● SUPPLIED MATERIAL
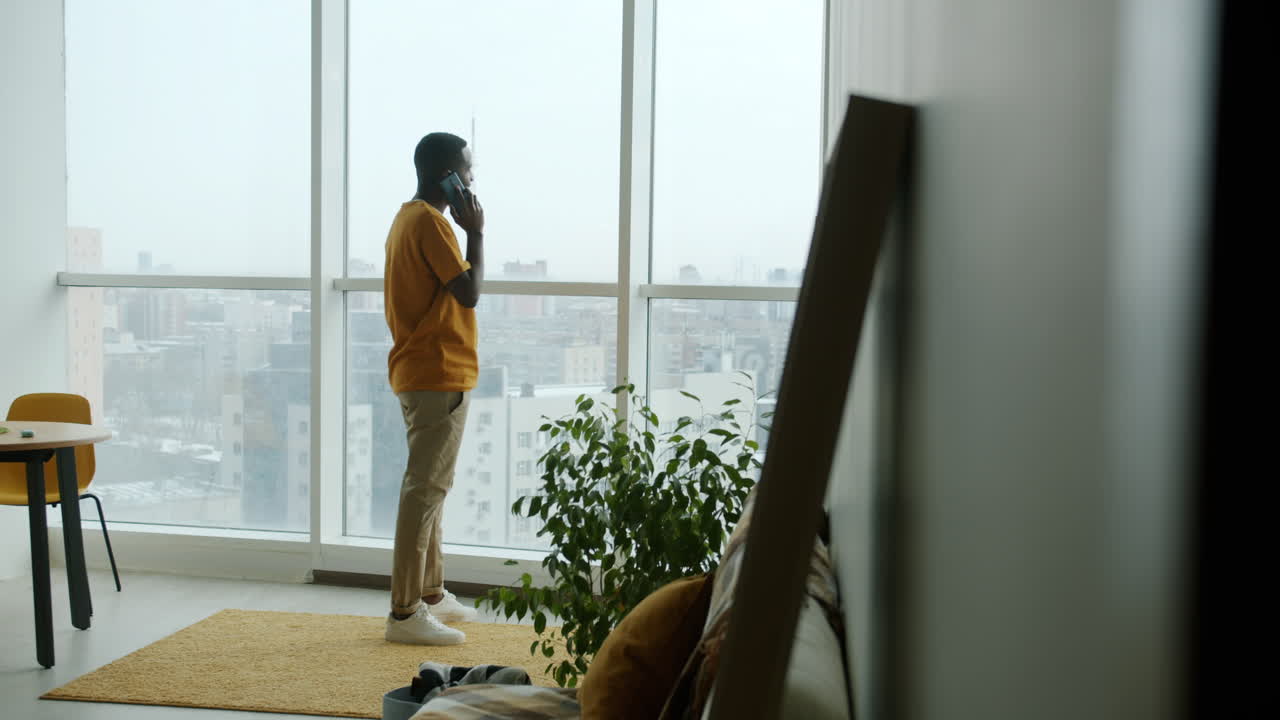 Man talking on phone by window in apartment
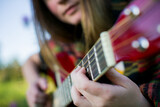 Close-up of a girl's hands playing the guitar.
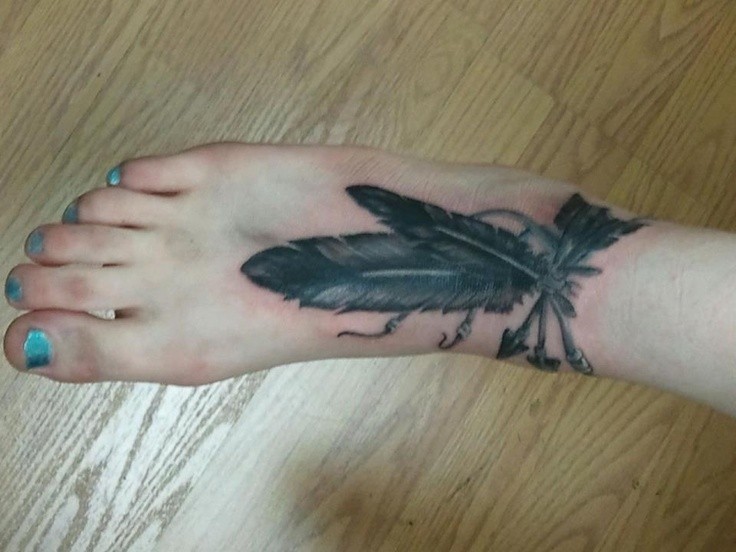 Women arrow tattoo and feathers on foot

● YOUR INSTRUCTIONS
Repeat the listing exactly, pictures excluded.

● ANSWER FOR THIS EXERCISE
 Man talking on phone by window in apartment
 Close-up of a girl's hands playing the guitar.
 Women arrow tattoo and feathers on foot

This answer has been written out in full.